╔══

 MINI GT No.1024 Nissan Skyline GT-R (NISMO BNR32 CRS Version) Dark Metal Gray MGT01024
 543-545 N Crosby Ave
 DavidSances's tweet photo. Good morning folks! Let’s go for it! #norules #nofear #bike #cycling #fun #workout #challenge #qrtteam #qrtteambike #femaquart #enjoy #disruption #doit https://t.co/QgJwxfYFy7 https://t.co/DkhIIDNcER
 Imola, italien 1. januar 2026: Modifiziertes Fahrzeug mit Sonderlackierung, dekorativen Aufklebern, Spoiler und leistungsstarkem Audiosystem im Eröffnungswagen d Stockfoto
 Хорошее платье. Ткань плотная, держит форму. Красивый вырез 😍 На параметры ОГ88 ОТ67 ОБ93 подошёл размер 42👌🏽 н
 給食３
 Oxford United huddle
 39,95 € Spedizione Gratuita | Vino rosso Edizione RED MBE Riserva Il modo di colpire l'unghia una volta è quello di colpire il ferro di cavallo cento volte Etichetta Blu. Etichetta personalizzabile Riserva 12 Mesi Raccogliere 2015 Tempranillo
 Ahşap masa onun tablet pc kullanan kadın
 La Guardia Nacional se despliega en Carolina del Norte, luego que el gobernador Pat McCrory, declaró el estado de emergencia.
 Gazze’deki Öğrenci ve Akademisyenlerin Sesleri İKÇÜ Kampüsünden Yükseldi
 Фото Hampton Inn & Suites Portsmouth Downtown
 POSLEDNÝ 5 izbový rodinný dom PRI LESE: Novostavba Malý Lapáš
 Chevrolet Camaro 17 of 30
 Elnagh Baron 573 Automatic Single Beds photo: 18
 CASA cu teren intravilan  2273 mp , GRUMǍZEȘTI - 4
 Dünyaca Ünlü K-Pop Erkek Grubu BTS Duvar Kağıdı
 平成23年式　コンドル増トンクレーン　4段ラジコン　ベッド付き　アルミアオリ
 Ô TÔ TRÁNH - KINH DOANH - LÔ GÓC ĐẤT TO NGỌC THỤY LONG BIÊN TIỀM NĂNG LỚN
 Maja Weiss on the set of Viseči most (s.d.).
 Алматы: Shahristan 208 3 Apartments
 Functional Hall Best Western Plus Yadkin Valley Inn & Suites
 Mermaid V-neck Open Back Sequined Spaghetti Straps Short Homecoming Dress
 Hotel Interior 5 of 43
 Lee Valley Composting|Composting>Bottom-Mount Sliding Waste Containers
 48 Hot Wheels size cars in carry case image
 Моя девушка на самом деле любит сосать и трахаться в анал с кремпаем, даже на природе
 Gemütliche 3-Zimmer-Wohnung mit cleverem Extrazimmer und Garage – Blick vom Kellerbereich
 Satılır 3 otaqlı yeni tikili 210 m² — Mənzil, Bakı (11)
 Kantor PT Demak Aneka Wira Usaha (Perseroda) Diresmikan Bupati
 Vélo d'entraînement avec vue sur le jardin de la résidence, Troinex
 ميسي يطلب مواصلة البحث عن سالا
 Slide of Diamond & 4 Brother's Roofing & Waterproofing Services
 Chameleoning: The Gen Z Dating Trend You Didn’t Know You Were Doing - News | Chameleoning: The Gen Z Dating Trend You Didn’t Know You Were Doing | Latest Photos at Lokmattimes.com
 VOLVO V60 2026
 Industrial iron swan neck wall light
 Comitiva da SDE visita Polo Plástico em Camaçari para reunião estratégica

╚══

# TASK DETAILS
An exact copy of all the material is what is needed.

# OUTPUT
 MINI GT No.1024 Nissan Skyline GT-R (NISMO BNR32 CRS Version) Dark Metal Gray MGT01024
 543-545 N Crosby Ave
 DavidSances's tweet photo. Good morning folks! Let’s go for it! #norules #nofear #bike #cycling #fun #workout #challenge #qrtteam #qrtteambike #femaquart #enjoy #disruption #doit https://t.co/QgJwxfYFy7 https://t.co/DkhIIDNcER
 Imola, italien 1. januar 2026: Modifiziertes Fahrzeug mit Sonderlackierung, dekorativen Aufklebern, Spoiler und leistungsstarkem Audiosystem im Eröffnungswagen d Stockfoto
 Хорошее платье. Ткань плотная, держит форму. Красивый вырез 😍 На параметры ОГ88 ОТ67 ОБ93 подошёл размер 42👌🏽 н
 給食３
 Oxford United huddle
 39,95 € Spedizione Gratuita | Vino rosso Edizione RED MBE Riserva Il modo di colpire l'unghia una volta è quello di colpire il ferro di cavallo cento volte Etichetta Blu. Etichetta personalizzabile Riserva 12 Mesi Raccogliere 2015 Tempranillo
 Ahşap masa onun tablet pc kullanan kadın
 La Guardia Nacional se despliega en Carolina del Norte, luego que el gobernador Pat McCrory, declaró el estado de emergencia.
 Gazze’deki Öğrenci ve Akademisyenlerin Sesleri İKÇÜ Kampüsünden Yükseldi
 Фото Hampton Inn & Suites Portsmouth Downtown
 POSLEDNÝ 5 izbový rodinný dom PRI LESE: Novostavba Malý Lapáš
 Chevrolet Camaro 17 of 30
 Elnagh Baron 573 Automatic Single Beds photo: 18
 CASA cu teren intravilan  2273 mp , GRUMǍZEȘTI - 4
 Dünyaca Ünlü K-Pop Erkek Grubu BTS Duvar Kağıdı
 平成23年式　コンドル増トンクレーン　4段ラジコン　ベッド付き　アルミアオリ
 Ô TÔ TRÁNH - KINH DOANH - LÔ GÓC ĐẤT TO NGỌC THỤY LONG BIÊN TIỀM NĂNG LỚN
 Maja Weiss on the set of Viseči most (s.d.).
 Алматы: Shahristan 208 3 Apartments
 Functional Hall Best Western Plus Yadkin Valley Inn & Suites
 Mermaid V-neck Open Back Sequined Spaghetti Straps Short Homecoming Dress
 Hotel Interior 5 of 43
 Lee Valley Composting|Composting>Bottom-Mount Sliding Waste Containers
 48 Hot Wheels size cars in carry case image
 Моя девушка на самом деле любит сосать и трахаться в анал с кремпаем, даже на природе
 Gemütliche 3-Zimmer-Wohnung mit cleverem Extrazimmer und Garage – Blick vom Kellerbereich
 Satılır 3 otaqlı yeni tikili 210 m² — Mənzil, Bakı (11)
 Kantor PT Demak Aneka Wira Usaha (Perseroda) Diresmikan Bupati
 Vélo d'entraînement avec vue sur le jardin de la résidence, Troinex
 ميسي يطلب مواصلة البحث عن سالا
 Slide of Diamond & 4 Brother's Roofing & Waterproofing Services
 Chameleoning: The Gen Z Dating Trend You Didn’t Know You Were Doing - News | Chameleoning: The Gen Z Dating Trend You Didn’t Know You Were Doing | Latest Photos at Lokmattimes.com
 VOLVO V60 2026
 Industrial iron swan neck wall light
 Comitiva da SDE visita Polo Plástico em Camaçari para reunião estratégica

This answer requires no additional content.